Possibly the first time that I paid any attention to the damaging impact of unrestrained development was in the 1980's when I became aware of the opposition to the redevelopment of Little Britain, just off London Wall. At the time I seem to remember that a group of 5 and 6 storey victorian buildings were to be demolished to make way for an office block and photographer Malcolm Tremain made some images of the area as it was then. Its fair to say that Britain, at that time, was a pretty grim place but the perceived wisdom of the time was not to renovate or refurbish but to demolish and rebuild in a glossy and superficial manner with little reference to, or interest in, the past.
Now this might suggest that I agree, to some extent, with Prince Charles about the state of British architecture but I don't. Anyone who has visited Poundbury will know that Prince Charles embraces a 'theme park' view of what he thinks is British architecture, all façadism and no substance. How much better might it have been had the good Prince campaigned to protect worthy original buildings, like those in Little Britain, ensuring that, at the same time, they might be juxtaposed with contemporary architecture of the highest aesthetic and build quality. Instead, the Prince promoted facadists like Quinlan Terry who seek to perpetuate the past through their apeing of what their selective interest suggests the past looked like, ignoring what it actually was.

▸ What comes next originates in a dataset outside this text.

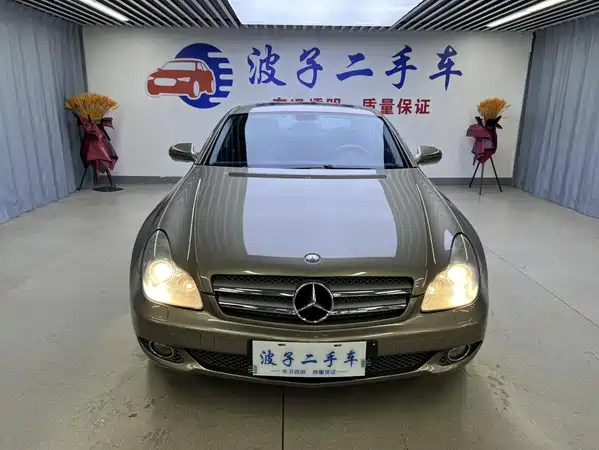 Mercedes-Benz CLS 2010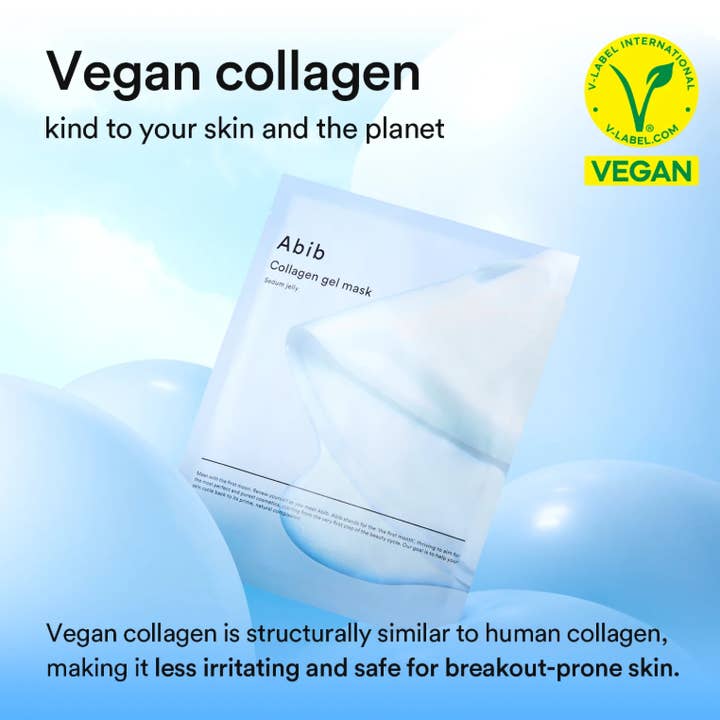 Best Beauty Group - Wholesale Skincare Face Mask - ABIB Collagen Gel Face Mask Vegan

The Guardian article, about the threat posed to London by the wave of applications for 'tall buildings', ignores the fact that historic London has all but been erased (certainly in the the Square Mile) leaving only the street plan as a guide to the past. These new developments have nothing to do with London's heritage and everything to do with making money, which, more today than in previous decades, is the only reason to build anything. And the continually overheating London property market will ensure that this remains the case, as long as our selective inattention allows us to ignore it.